Au final: nulle personne, que ce soit moi, le quidam moyen ou le politique n'a à s'approprier la douleur d'autrui. Nous devons être solidaires, soutenir les victimes, sans pour autant être tenus d'être d'accord avec elles. De la même manière, arrêtons les leçons de morale faciles, les critiques aisées, élevons le débat à la hauteur des enjeux de notre futur. Liberté d'expression chérie, que ne dit-on pas en ton nom! Triste France où l'on fait des filtres idéologiques, alors qu'il faudrait justement s'en abstenir!

08 janvier 2015

Ce que les gens pensent de l'islam en Europe

Comme souvent, je rebondis sur une brève de ce cher Timo (le hollandais volant).
la source chez Timo (le hollandais volant)
Ce que pensent les européens de l'islam, sur Forbes (en anglais)

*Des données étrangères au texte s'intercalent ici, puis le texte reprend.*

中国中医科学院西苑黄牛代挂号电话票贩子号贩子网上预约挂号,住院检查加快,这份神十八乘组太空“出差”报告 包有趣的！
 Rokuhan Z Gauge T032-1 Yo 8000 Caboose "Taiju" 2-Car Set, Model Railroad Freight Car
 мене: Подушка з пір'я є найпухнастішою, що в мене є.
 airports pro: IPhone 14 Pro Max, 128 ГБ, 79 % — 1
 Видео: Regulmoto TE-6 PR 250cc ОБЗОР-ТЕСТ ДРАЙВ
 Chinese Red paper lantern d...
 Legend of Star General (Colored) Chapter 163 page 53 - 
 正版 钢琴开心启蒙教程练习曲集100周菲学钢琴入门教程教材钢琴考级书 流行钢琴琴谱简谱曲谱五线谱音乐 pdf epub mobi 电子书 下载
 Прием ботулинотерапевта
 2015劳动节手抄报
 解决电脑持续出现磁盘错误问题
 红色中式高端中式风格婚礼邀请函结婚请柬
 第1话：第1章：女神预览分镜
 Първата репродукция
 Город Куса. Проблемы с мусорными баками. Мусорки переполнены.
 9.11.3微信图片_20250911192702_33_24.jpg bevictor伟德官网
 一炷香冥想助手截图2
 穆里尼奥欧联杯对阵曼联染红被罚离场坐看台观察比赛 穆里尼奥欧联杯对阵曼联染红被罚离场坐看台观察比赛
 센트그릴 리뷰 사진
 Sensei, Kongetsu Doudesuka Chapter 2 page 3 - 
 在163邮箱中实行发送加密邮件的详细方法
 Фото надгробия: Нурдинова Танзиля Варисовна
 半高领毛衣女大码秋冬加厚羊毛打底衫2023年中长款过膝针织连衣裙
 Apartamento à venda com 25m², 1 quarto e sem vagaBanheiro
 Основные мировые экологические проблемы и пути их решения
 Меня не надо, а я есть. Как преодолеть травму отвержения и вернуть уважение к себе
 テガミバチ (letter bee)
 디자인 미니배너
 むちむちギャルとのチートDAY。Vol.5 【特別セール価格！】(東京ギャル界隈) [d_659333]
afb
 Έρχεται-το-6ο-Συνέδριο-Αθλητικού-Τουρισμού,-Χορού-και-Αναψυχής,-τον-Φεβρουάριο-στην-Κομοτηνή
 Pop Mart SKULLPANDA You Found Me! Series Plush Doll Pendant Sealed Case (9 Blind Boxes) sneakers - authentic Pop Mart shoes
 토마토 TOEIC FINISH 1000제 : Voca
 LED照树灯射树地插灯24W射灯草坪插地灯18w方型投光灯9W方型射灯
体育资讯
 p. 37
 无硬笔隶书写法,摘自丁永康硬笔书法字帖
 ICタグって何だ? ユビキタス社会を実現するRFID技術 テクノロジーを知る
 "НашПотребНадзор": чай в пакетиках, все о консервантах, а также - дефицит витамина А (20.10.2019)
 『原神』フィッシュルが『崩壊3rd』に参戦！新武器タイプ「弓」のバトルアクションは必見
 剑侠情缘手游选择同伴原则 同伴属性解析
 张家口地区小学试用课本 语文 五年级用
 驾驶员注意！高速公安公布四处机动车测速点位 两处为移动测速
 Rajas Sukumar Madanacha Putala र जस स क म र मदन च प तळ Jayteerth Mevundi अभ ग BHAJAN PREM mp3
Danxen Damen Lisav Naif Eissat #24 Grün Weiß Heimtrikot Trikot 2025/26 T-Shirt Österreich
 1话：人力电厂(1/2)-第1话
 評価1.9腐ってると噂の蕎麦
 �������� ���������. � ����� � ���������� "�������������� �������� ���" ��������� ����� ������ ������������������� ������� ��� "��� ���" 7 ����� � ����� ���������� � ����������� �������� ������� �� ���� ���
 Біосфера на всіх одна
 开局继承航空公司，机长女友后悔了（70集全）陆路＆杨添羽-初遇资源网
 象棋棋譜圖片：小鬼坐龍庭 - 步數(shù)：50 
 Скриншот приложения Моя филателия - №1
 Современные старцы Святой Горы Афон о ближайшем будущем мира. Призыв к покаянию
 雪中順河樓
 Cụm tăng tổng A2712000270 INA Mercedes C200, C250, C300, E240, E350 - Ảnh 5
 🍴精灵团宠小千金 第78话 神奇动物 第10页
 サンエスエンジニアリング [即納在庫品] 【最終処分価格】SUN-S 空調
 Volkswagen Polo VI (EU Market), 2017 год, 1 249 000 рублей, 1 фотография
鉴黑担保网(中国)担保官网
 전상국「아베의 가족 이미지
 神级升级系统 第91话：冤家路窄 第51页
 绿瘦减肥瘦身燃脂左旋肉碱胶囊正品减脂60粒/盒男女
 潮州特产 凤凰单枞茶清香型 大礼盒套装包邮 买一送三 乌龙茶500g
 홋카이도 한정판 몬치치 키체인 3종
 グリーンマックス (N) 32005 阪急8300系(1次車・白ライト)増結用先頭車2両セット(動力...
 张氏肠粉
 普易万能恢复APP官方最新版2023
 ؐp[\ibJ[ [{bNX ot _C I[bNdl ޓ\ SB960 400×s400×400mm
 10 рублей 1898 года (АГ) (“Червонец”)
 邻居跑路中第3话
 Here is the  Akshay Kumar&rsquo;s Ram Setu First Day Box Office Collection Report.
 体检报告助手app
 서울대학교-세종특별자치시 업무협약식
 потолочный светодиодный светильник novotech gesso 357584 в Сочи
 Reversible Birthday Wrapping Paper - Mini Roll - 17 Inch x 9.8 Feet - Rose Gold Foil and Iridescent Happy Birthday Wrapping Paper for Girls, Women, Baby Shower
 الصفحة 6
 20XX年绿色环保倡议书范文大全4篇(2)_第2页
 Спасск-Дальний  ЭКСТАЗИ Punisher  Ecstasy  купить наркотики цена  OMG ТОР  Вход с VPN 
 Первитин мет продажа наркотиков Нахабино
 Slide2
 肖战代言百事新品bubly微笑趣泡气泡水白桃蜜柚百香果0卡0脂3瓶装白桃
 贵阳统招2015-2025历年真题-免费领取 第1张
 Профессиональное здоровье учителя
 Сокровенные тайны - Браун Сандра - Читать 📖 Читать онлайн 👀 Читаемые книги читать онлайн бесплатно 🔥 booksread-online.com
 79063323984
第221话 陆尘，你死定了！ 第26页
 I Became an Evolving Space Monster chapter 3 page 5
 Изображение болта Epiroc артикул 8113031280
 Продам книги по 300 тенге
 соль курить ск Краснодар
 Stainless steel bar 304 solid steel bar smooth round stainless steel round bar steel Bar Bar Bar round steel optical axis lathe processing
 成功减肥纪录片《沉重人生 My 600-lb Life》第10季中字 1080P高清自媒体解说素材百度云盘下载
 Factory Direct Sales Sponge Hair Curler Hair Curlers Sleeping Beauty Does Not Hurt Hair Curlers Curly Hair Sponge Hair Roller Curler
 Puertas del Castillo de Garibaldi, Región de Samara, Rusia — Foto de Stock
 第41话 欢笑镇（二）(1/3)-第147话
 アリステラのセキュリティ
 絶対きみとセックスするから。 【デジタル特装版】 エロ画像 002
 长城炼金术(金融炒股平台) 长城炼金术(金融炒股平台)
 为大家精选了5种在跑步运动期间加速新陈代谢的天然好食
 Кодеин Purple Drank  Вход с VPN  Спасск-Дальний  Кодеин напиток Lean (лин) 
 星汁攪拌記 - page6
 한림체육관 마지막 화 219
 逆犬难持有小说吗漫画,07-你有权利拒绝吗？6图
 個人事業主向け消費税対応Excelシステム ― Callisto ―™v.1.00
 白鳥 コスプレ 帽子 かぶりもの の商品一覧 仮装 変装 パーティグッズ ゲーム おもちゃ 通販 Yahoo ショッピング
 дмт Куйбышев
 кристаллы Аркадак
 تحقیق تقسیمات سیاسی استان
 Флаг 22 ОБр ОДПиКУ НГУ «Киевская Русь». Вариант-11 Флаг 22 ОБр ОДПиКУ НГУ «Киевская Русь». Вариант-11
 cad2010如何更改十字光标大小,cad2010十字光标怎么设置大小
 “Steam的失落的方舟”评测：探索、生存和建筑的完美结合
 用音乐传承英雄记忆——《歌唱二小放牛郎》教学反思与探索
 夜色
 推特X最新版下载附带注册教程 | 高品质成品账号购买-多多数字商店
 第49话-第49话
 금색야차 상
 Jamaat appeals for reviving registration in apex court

Pour ceux qui seraient anglophobes, le graphique de chez Forbes présente le "ressenti favorable" de différents pays européens à l'égard des musulmans. Timo rebondit dessus en disant qu'il en est (je le cite)
Oh, c’est surprenant. Bien, mais surprenant.
Comme quoi, ce qu’on voit dans les médias est trompeur :o

En fait, en réfléchissant à l'historique de ces pays, ainsi qu'aux problématiques migratoires actuelles, je ne vois rien de surprenant. Bien entendu, quand on voit ces résultats après le carnage de chez Charlie, on peut être un rien rassuré, voire même "surpris", alors qu'au final, j'estime qu'il n'y a absolument rien d'étonnant.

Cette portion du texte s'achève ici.